The Open Data Platform announcement was the focus of a few of the keynotes and a lot of interesting online discussions, and lively lunch conversations with folks from Hortonworks and Pivotal. It will be interesting to see how this offering is received by our customers and throughout the Apache Hadoop ecosystem.
But the most exciting sessions for me were about developments in Apache Spark, and about what’s happening in the ‘real-time’ analytics space.

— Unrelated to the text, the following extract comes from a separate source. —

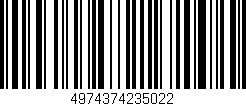 Código de barras (EAN, GTIN, SKU, ISBN): '4974374235022'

Tathagata Das from Databricks put it well when he said in his Thursday session that “the key is to blend batch and real-time”. I heard this theme in a lot of discussions. The ability to combine batch processes with real-time data promises the ability to detect issues and opportunities more quickly. As Anil Gadre from MapR put it in his Keynote, data to insight is no longer enough: “data to action is key.” The technology required is still maturing, but Apache Kafka seems to be emerging as the winner in the distributed messaging system space, and Netflix announced their decision to replace their home-grown suro with Kafka. The streaming engine discussion doesn’t seem to be settled yet, and Jim Scott from MapR had a great session comparing Apache Storm, Samza, and Spark Streaming.
As for the Hadoop execution engine space, we hosted a very lively ‘Birds of a Feather’ lunch discussion on Apache MapReduce, Tez, and Spark. There was a lot of excitement around how fast Spark is being developed and how far it has come in 2014. Both Netflix and Tencent had great sessions sharing their experiences with Spark. Spark is still not mature enough to be widely adopted in production, but the community seems very engaged in surfacing issues such as fault-tolerance, multi-tenancy, and scalability so they can be addressed. The message for me here is that Syncsort’s Intelligent Execution Layer will be very valuable. Thanks to this technology our customers and prospects can minimize risk, facilitate Hadoop adoption, and future-proof their applications. DMX-h gives them the freedom to leverage new processing frameworks without the need to rewrite their applications, saving them from having to acquire constantly changing skill sets.
And finally I’d like to share some exciting Syncsort appearances. Syncsort and Impetus were doing live demos of the integration of DMX-h with StreamAnalytiX in both booths. Mike Brown showed in his session how Syncsort fits into the architecture of comScore’s validated Campaign Essentials solution. And our General Manager for Big Data, Tendu Yogurtcu, was interviewed on SiliconANGLE’s live streamed Internet show theCUBE, providing insights on the open source, Hadoop adoption and acquisitions.